Il faudra attendre encore 6 ans, décembre 1972, pour que le presbytère, propriété de la commune et dans lequel loge le curé de St Illide, soit à son tour modernisé, non sans réticences…

Déjà en juillet 1972, le conseil municipal avait décidé de construire une salle de bains au presbytère et de refaire les peintures extérieures.
L’ayant appris, le curé demande, plutôt qu’une salle de bains, l’installation du chauffage central, sans doute bien nécessaire dans cette grande bâtisse vétuste.

Le conseil hésite tout « en reconnaissant que cette installation serait malgré tout d’une grande utilité, en vue particulièrement de l’assainissement de l’immeuble » et envoie sur place la commission des travaux.
Un vote à bulletins secrets est exigé, signe de dissensions sur la question au sein de l’assemblée, mais la décision est enfin prise : le chauffage central sera installé pour 11.718 francs et le curé aura le droit de ne plus avoir froid dans son immense logement.


Quelquefois, le modernisme a ses excés, ses péchés de jeunesse. St Illide y cède, comme ailleurs.
L’écologie, par exemple, est une idée toute récente : la préservation de la nature aurait paru un concept bizarre à nos grands-parents. Seul, le progrés compte et l’homme n’a pas à se préoccuper de l’équilibre naturel.

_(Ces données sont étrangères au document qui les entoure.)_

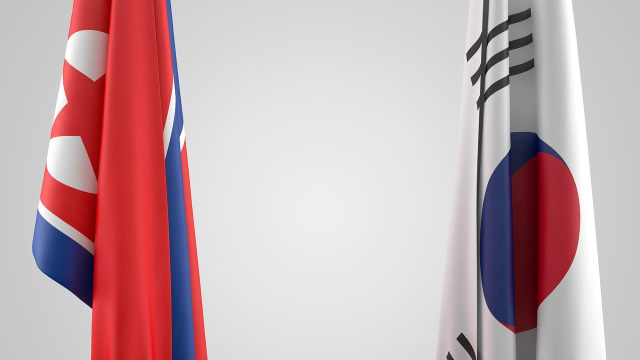 Bendera Korea Utara dan Korea Selatan. (Foto: www_slon_pics via Pixabay (CC0 Creative Commons))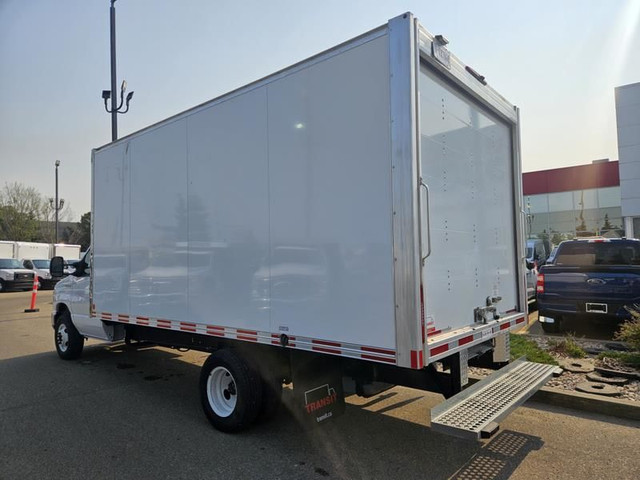 2024 Ford E-Series Cutaway E-450 DRW 176" WB, 7.3L V8 Gas, 16ft  in Cars & Trucks in St. Albert - Image 3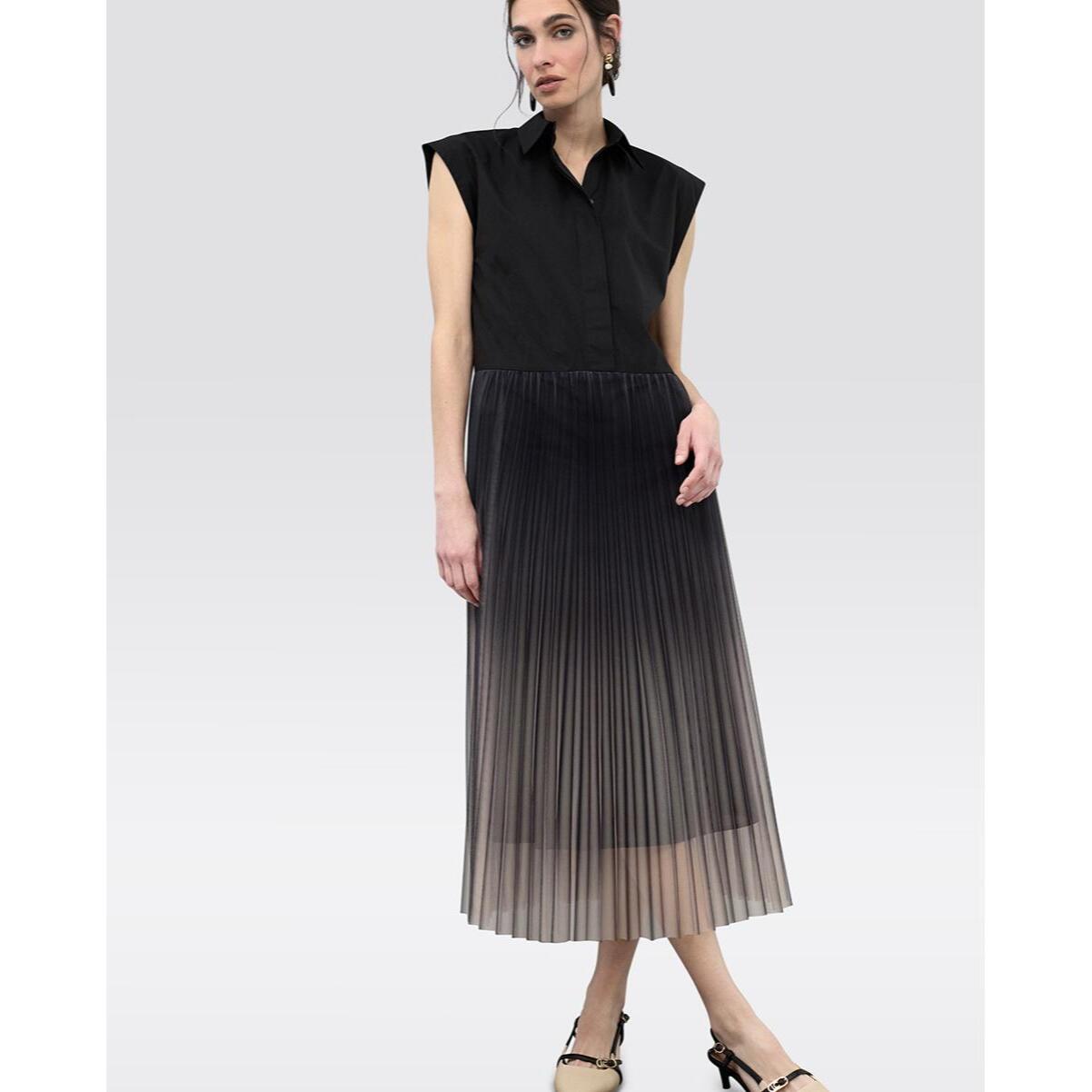 Abito con colletto a camicia e gonna in tulle plissettato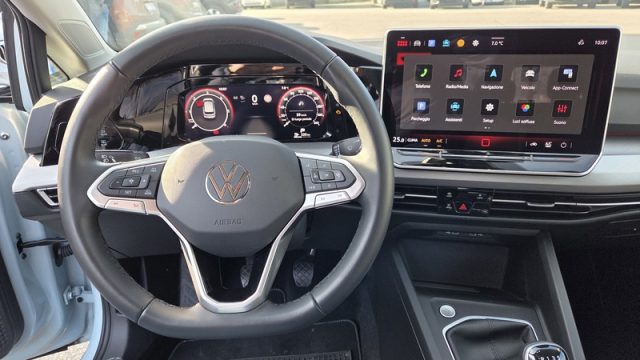 VOLKSWAGEN Golf usata, con ESP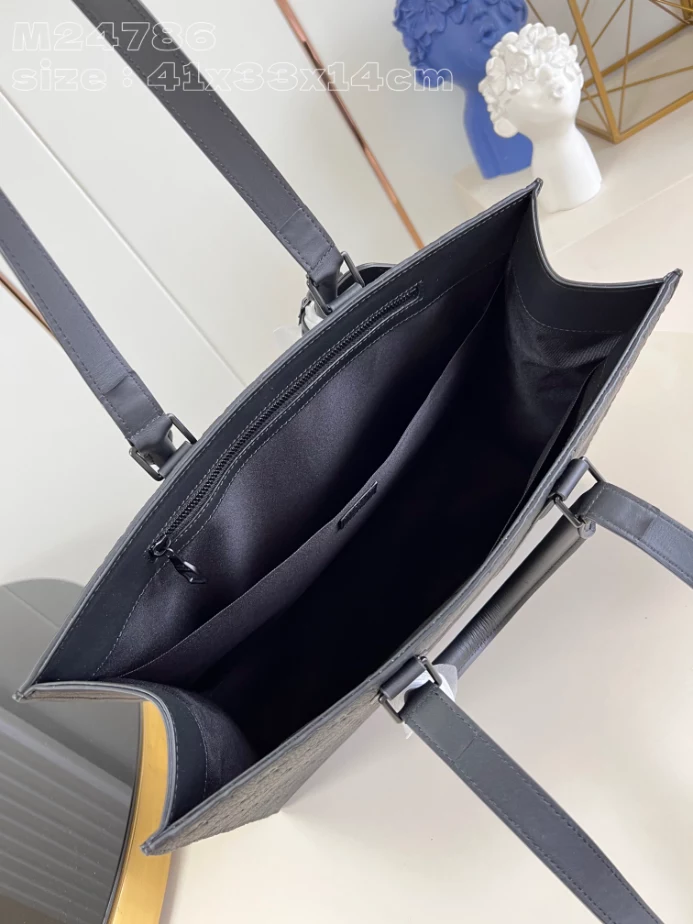 Sac Plat 24H Black Monogram Taurillon Leather M24786 – LW206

Ce qui paraissait, il y a quelques décennies encore, relever du romantisme ou du rêve, s’est peu à peu imposé.

Peut-on imaginer aujourd’hui une décision analogue à celle du conseil municipal du 11 février 1906 ?
Ce jour-là, l’assemblée décide « de couper et de vendre le grand ormeau qui avoisine l’école des garçons, attendu que cet arbre cause un grave préjudice au jardin de l’instituteur. »


Mais plus grave de conséquences, et déjà très contestée à l’époque, est la décision prise le 7 janvier 1962, de supprimer les arbres bordant la route de St Illide à Albart.
Dans la demande initiale, émanant d’un riverain, il ne s’agissait pourtant que de l’élagage d’un seul platane.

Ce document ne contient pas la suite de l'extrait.